ビブラートに関する考察


バンドマンにとってビブラート(vibrato=音を揺らす演奏方法)というのは、簡単そうに みえてなかなか手ごわいテーマです。

・グレンミラー楽団サックス陣の「真珠の首飾り」の、ウキウキするようなビブラート、
・サム・テーラーのテナーサックスの、むせび泣くビブラート、
・美空ひばりの「一人酒場で〜〜」という、心を揺さぶるビブラート、
・夏川りみの「なだそうそう−−−−−〜〜」という、張りのあるビブラート、

など、「個性表現」の大きな手段となっているのが、このビブラート。
ところがこのビブラート、よく聴いてみると、けっこういろんな要素が組み合わさっています。

【ビブラートの波の成り立ち】の要素
・強弱・・・音の強さ、弱さ、で波をつくる
・音程・・・音の高さ、低さ、で波をつくる
・音色・・・音の明るさ、暗さ、で波をつくる

上の3つに共通して加わるのが、

【ビブラートの形】の要素
・ビブラートの幅(波の大きさ)
・ビブラートの速さ(波と波の間隔)
・ビブラートの変形(音を延ばす中で、幅、速さの変化)

さらに、曲のテンポや曲想の違いによって、

【ビブラートの時間処理】の要素
・かけ始め・・・どの長さの音に、どこから波をつくるか
・かけ続け・・・かけ始めたら、その波をどうつないでいくか
・かけ終り・・・持続した波を、最後にどう処理するか

これに、ジャズの管楽器の場合などは、

【バンドの中でのビブラート】の要素
・一人でかける・・・波をつくる楽器が一個(ソロ、カルテットの菅楽器など)
・数人でかける・・・波をつくる楽器が数個(デュエット、ニュースカイラークなど)
・大勢でかける・・・波をつくる楽器が多数(ビッグバンドなど)

が加わり、そこでやっと、

【ビブラートの存在】の要素
・波をつくる
・波をつくらない
・一部の楽器だけ波をつくる

の判断が必要になり、

さらに、実際にビブラートをつくる段階では、

【ビブラートの製造】の要素
・唇や呼吸など、体でつくる(管楽器全般)
・楽器の揺れでつくる(トランペットの指、ハーモニカの手のひらなど)
・楽器の部分的な揺れでつくる(トロンボーンのスライド、ギターの弦など)

となって、これでやっと、

【ビブラートによる表現】の要素
・装飾表現(美しい、柔らかい、など)
・心理表現(心地よい、寂しい、など)
・技能表現(デキシーの雰囲気、クールの雰囲気、など)

へたどり着きます。

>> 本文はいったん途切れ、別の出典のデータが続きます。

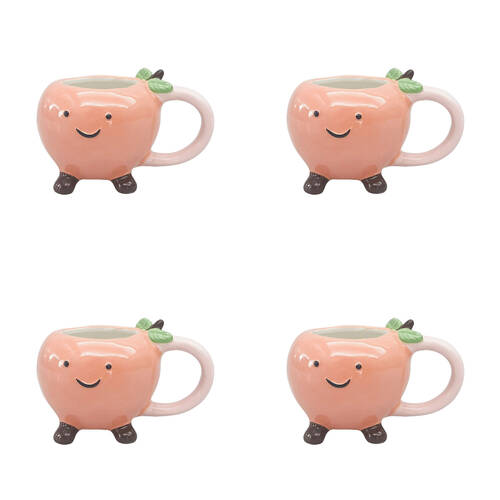 4PK Urban Ceramic Pinky Peach Friends 3D Coffee Drinking Mug 9cm Pink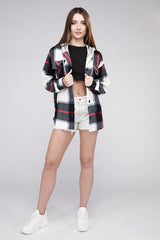 Plaid Drawstring Hooded Fleece Shacket king-general-store-5710.myshopify.com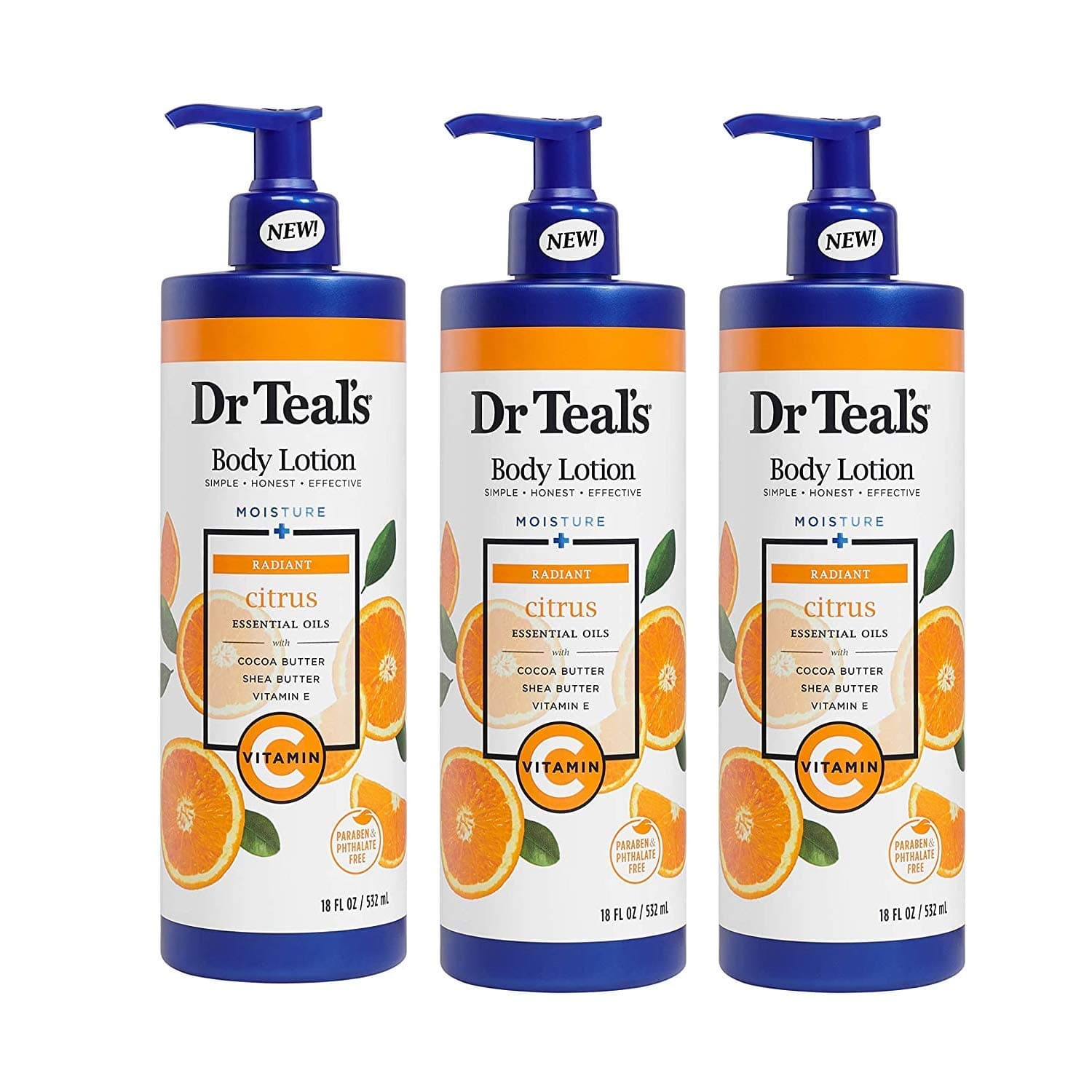 Vitamin C & Citrus Body Lotion Gift Set (3 Pack, 18oz Ea.) - Glow & Radiance Formula - Essential Oils Blended with Pure Epsom Salt Nourish Skin & Helps Relieve the Mind of Stress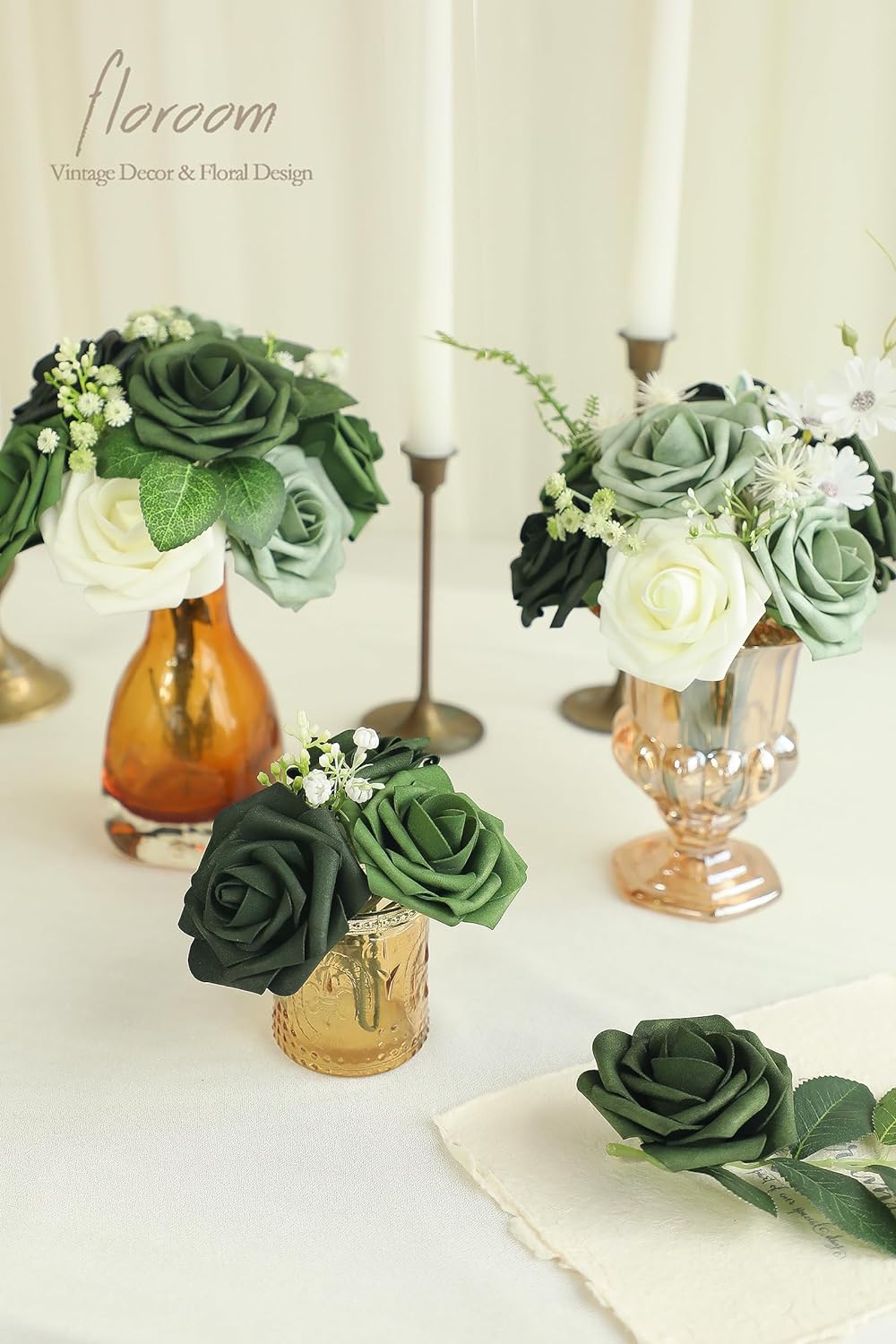 Floroom Artificial Flowers 50pcs Real Looking Emerald Green Foam Fake Roses with Stems for DIY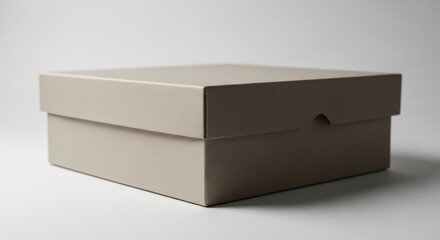 A minimalistic, modern studio shot of a beige box, well-lit with subtle shadows adding depth and dimension. The box is a simple, elegant design, perfect for product presentation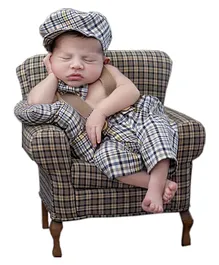 Babymoon Gentleman Cap, Bow, Pillow And Suspender Baby Photoshoot Prop Set Of 4 - Grey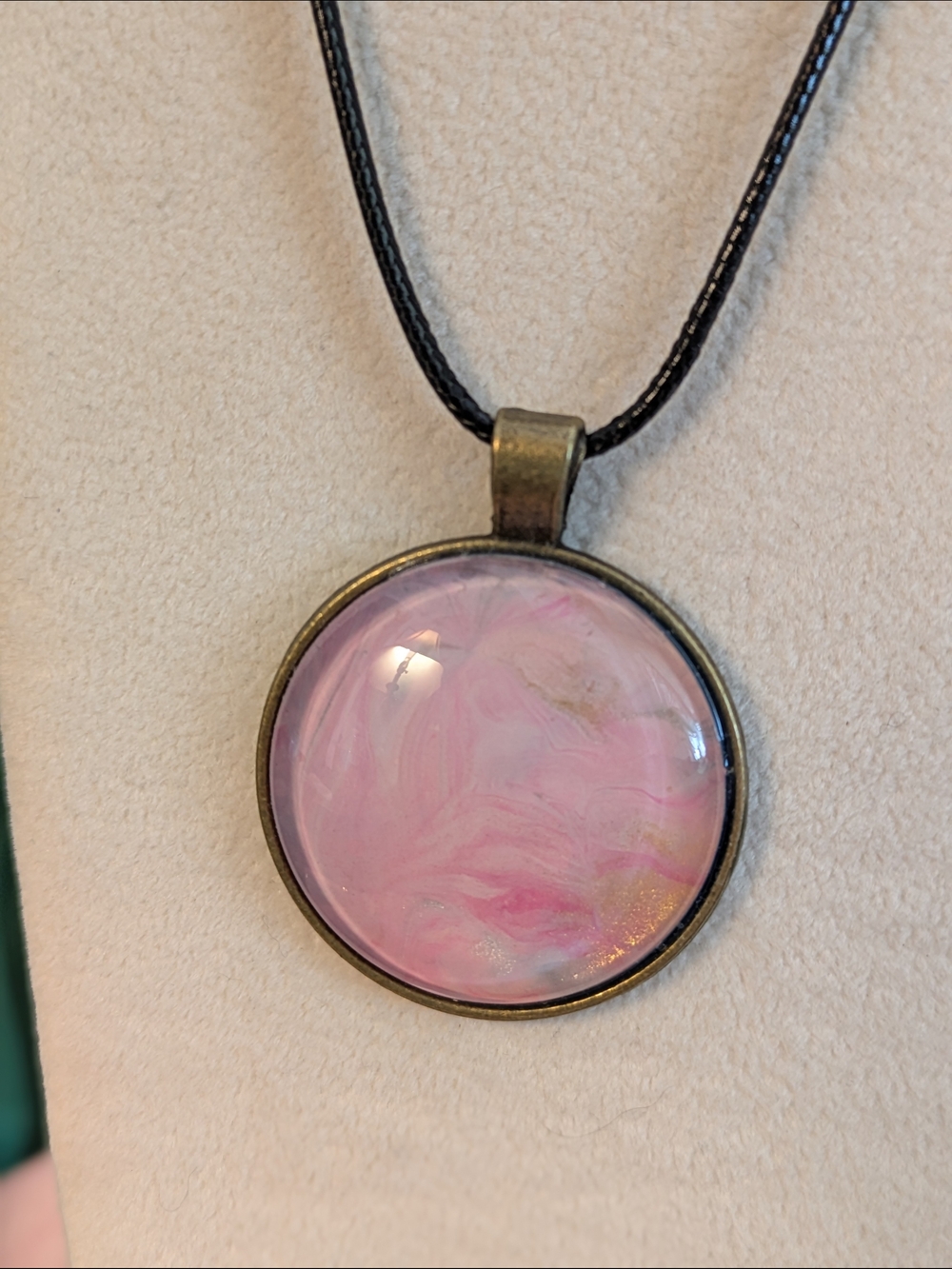 Handcrafted Painted Glass Pink Marble Round Pendant Necklace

ところが、バンドマンの間でも、
・「ビブラートはジーカン(感じ)イッパツ、ブンキ(気分)しだい」と言う人
・「このバンドのこの曲は、絶対このビブラートでないといけない」と言う人
などがいて、ビブラートの解釈はさまざま。
(オイオイ、ここまでの考察は、何だったんだ?)

ということで、お盆は、頭がゆらゆら揺れるほど暑くて外出する気にならないので、 ゆらゆら揺れる酔い心地で、いろんな曲のゆらゆら揺れるビブラートを聴いて、過ごすことにします。